Однако в «информационном бюллетене», выпущенном через пару недель после заявления г-жи Клинтон, не чувствуется, чтобы Госдепартамент полностью разделял радикальную позицию своего секретаря. Договор «не препятствует Соединённым Штатам развёртывать наиболее эффективную возможную противоракетную оборону», - говорится в заявлении Госдепартамента.
Но между «отсутствием ограничений» и ограничениями, по словам администрации, лишь влияющими на эффективность, есть существенная разница. В действительности, заявление в информационном бюллетене государственного департамента подразумевает, что на противоракетную оборону США на самом деле могут быть наложены конкретные и практические ограничения, стоит России выдвинуть возражение, что американские системы ПРО каким-либо образом влияют на её силы.
Кроме того, по некоторым сообщениям, американские участники переговоров заявили российской стороне, что США не собирается устанавливать стратегические системы противоракетной обороны в Европе. Внести ясность в этот вопрос может только тщательное изучение материалов переговоров.
Г-жа Клинтон неточна, заявляя, что требование сената представить материалы переговоров для изучения является беспрецедентным. Демократы просили в прошлом показать им протоколы переговоров по Договору об ограничении развития систем стратегических наступательных вооружений (ABM), по договору о ядерном оружии средней и малой дальности (Intermediate Range Nuclear Arms Treaty). Сенатор Джон Керри (John Kerry) от штата Массачусетс уверяет, что никто не собирается возводить подобные требования в обычай, но было бы лучше, если бы сенат применял такой стандарт не только по запросу со стороны республиканцев.
Вопрос далеко выходит за чисто теоретические рамки. Когда администрация Рейгана уверяла, что тщательное чтение материалов переговоров по договору ABM способствовало более широкой интерпретации результатов испытаний, чем применялись до тех пор, члены Сената от демократов под руководством Сэма Нунна потребовали доступа ко всем материалам переговоров. Они надеялись, что обнаружат ошибки администрации. Но этого не произошло.
История показывает, как важно точно знать, что заявляет Россия, когда речь идёт о противоракетной обороне. Советский Союз придерживался более ограниченной интерпретации договора ABM, при том, что тайно нарушал этот договор. Сегодня Москва недвусмысленно дала понять, что считает, что новое соглашение СНВ на практике ограничивает нас в том, что мы можем сделать, чтобы защитить себя от баллистических ракет противника.
При желании мы можем отмахнуться от этих заявлений. Однако если Сенату придётся решать голосованием вопрос о ратификации договора, не зная, какие заверения были даны американскими участниками переговоров, если такое действительно имело место, то это позволит России беспрепятственно утверждать, что мы постоянно нарушаем договор. Если мы, например, попытаемся, чтобы справиться с иранской угрозой, расширить противоракетную оборону в Европе, Москва может вспомнить об этих заверениях и обвинить нас в нарушении договора.

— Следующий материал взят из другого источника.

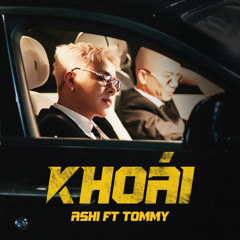 Khoái - TOMMY x ASHI x GOSCAT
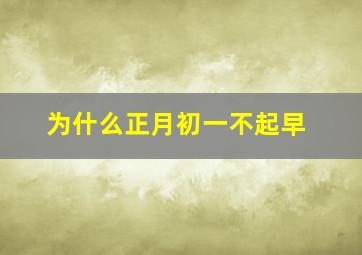 为什么正月初一不起早,正月初一为啥不能起早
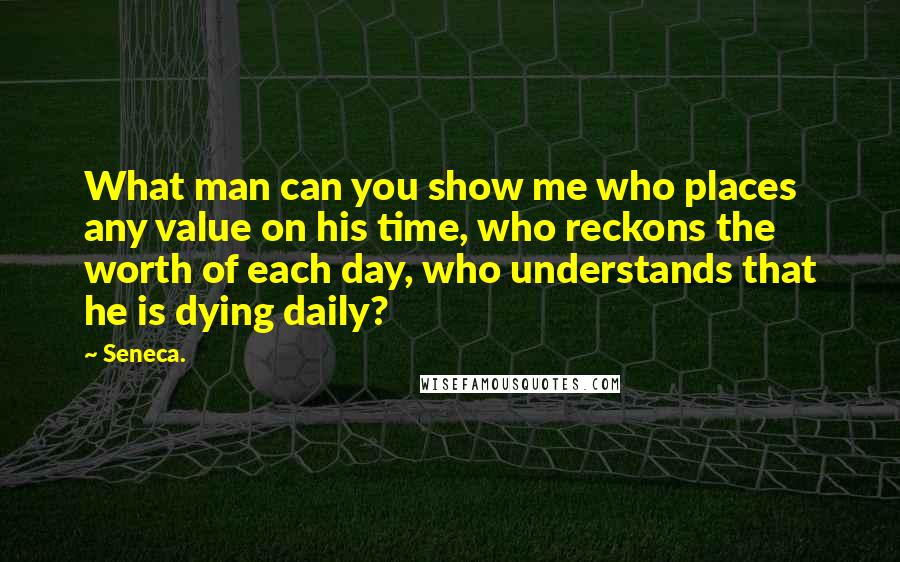 Seneca. Quotes: What man can you show me who places any value on his time, who reckons the worth of each day, who understands that he is dying daily?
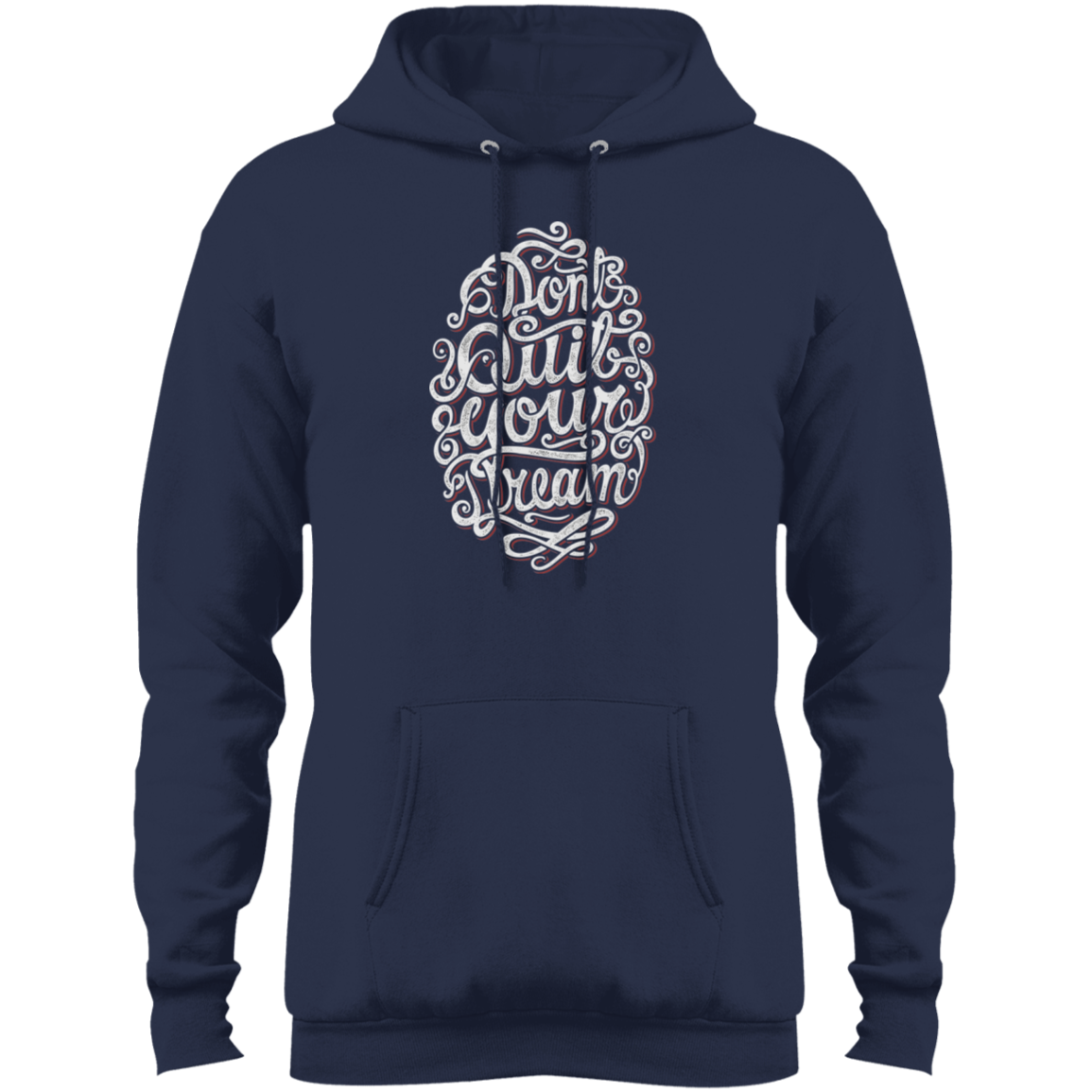 "DONT QUIT YOUR DREAM" Core Fleece Pullover Hoodie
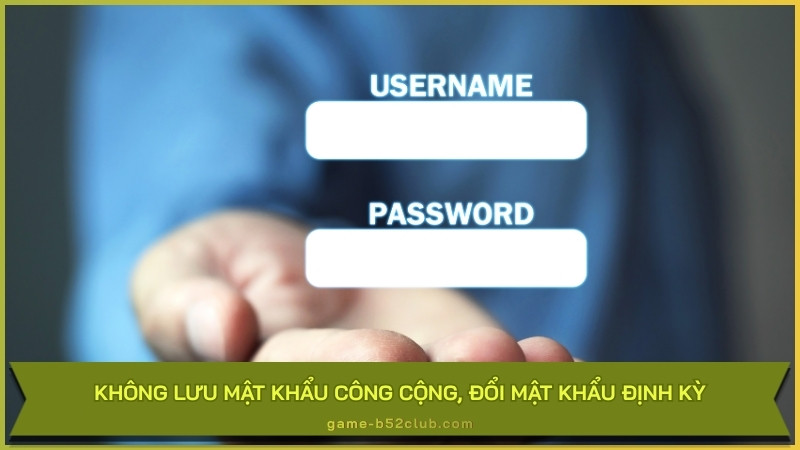 Không lưu mật khẩu công cộng, đổi mật khẩu định kỳ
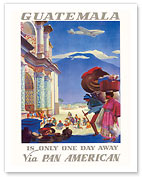 Guatemala via Pan Am - Is Only One Day Away - Fine Art Prints & Posters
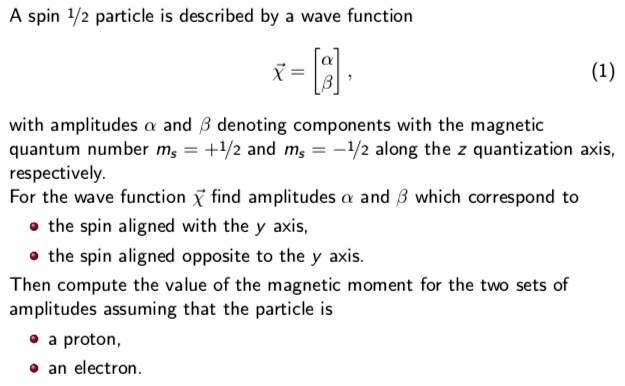 a spin 12 particle is described by wave function x 8 with amplitudes a ...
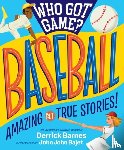 D. Barnes, Derrick - Who Got Game?: Baseball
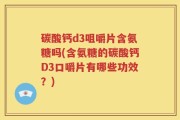 碳酸钙d3咀嚼片含氨糖吗(含氨糖的碳酸钙D3口嚼片有哪些功效？)
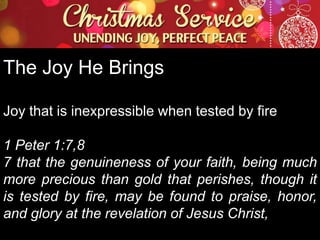 The Joy He Brings
Joy that is inexpressible when tested by fire
1 Peter 1:7,8
7 that the genuineness of your faith, being much
more precious than gold that perishes, though it
is tested by fire, may be found to praise, honor,
and glory at the revelation of Jesus Christ,

 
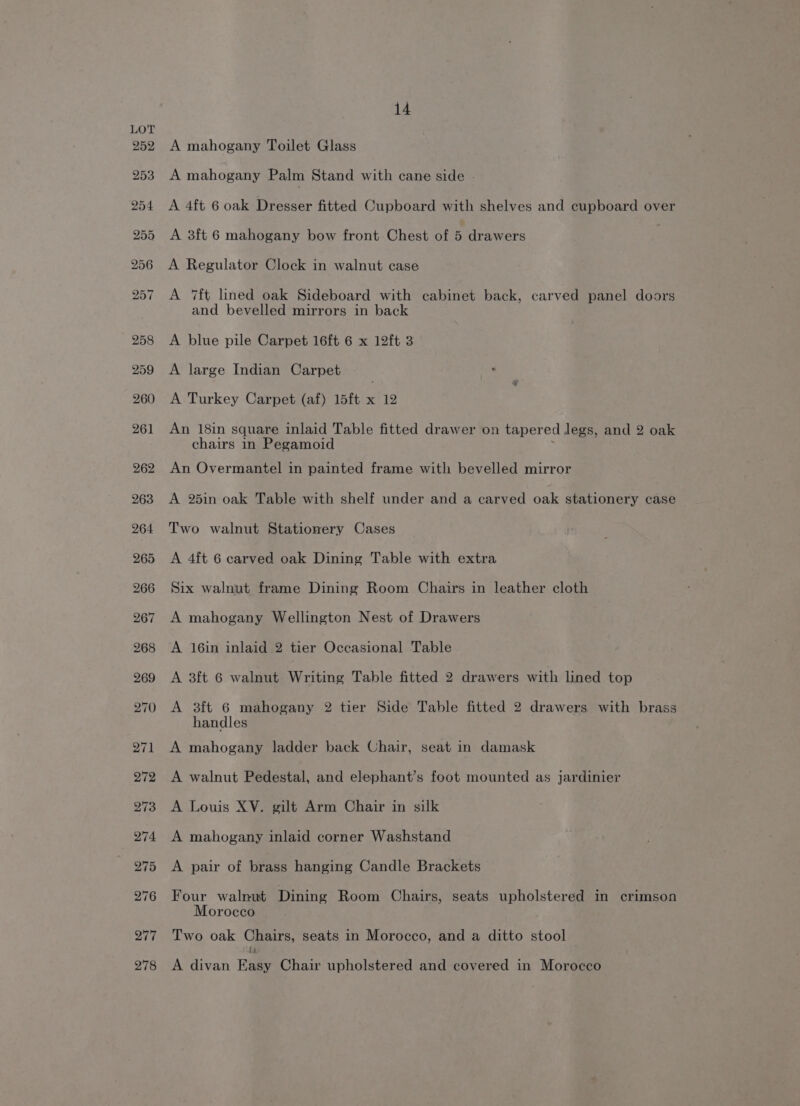 A mahogany Toilet Glass A mahogany Palm Stand with cane side - A 4ft 6 oak Dresser fitted Cupboard with shelves and cupboard over A 3ft 6 mahogany bow front Chest of 5 drawers A Regulator Clock in walnut case A 7ft lined oak Sideboard with cabinet back, carved panel doors and bevelled mirrors in back A blue pile Carpet 16ft 6 x 12ft 3 A large Indian Carpet ‘ A Turkey Carpet (af) 15ft x 12 An 18in square inlaid Table fitted drawer on tapered legs, and 2 oak chairs in Pegamoid : An Overmantel in painted frame with bevelled mirror A 25in oak Table with shelf under and a carved oak stationery case Two walnut Stationery Cases A 4ft 6 carved oak Dining Table with extra Six walnut frame Dining Room Chairs in leather cloth A mahogany Wellington Nest of Drawers A 16in inlaid 2 tier Occasional Table A 3ft 6 walnut Writing Table fitted 2 drawers with lined top A 3ft 6 mahogany 2 tier Side Table fitted 2 drawers with brass handles A mahogany ladder back Chair, seat in damask A walnut Pedestal, and elephant’s foot mounted as jardinier A Louis XV. gilt Arm Chair in silk A mahogany inlaid corner Washstand A pair of brass hanging Candle Brackets Four walnut Dining Room Chairs, seats upholstered in crimson Morocco Two oak Chairs, seats in Morocco, and a ditto stool A divan Easy Chair upholstered and covered in Morocco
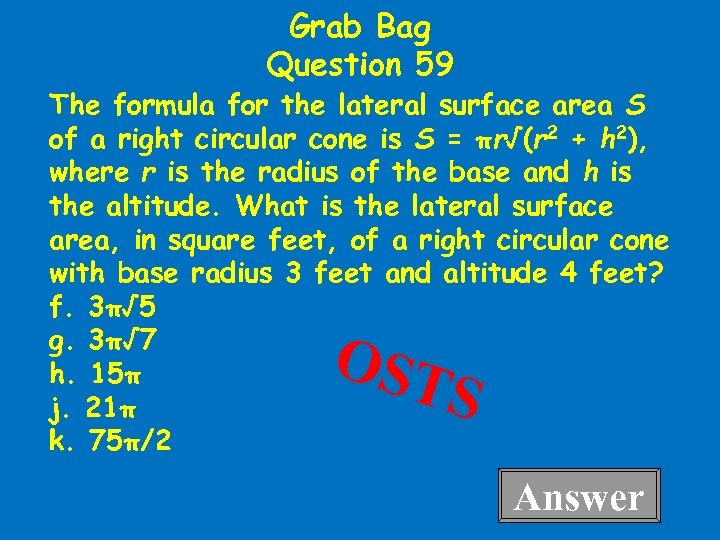 Grab Bag Question 59 The formula for the lateral surface area S of a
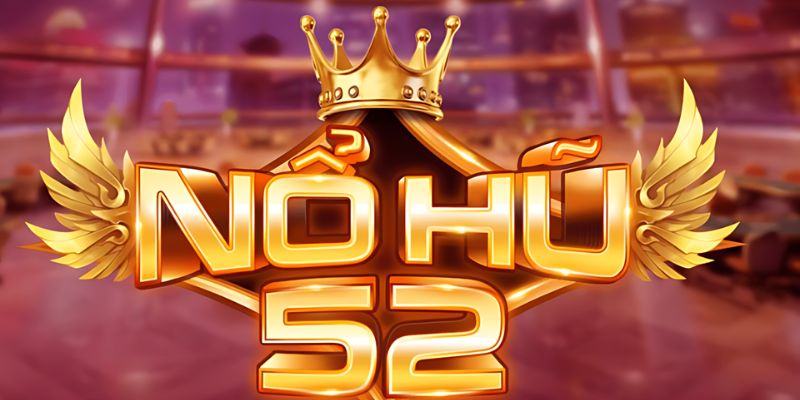 Nổ hũ 52 là trò chơi Slot khởi đầu bằng việc hình thành quỹ thưởng đầy hấp dẫn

Кого интересует, что говорят русские? Да администрацию Обамы и интересует. Это лейтмотив её стратегии «перезагрузки» в отношениях с Россией. Даже и без договора по вооружениям Администрация, подчиняясь воле Москвы, жертвует площадками для систем ПРО в Чешской республике и в Польше.
Если уж мы добровольно идём на такое, на что же мы готовы пойти, если Россия выдвинет обвинение в нарушении договора? Любой оппонент противоракетной обороны сможет заявить, что наши действия по защите нас и наших союзников угрожают «процессу контроля вооружений» и подрывают американо-российские отношения.
Несомненно, Россия не прекратит своего давления в ходе дальнейших переговоров по вооружениям, с целью узаконить и расширить ограничения, накладываемые на нашу противоракетную оборону. Рано или поздно Москва, вероятно, потребует проведения отдельных переговоров по противоракетной обороне или заключения договора в дополнение к договору СНВ, предметом которого должны будут стать системы противоракетной обороны США.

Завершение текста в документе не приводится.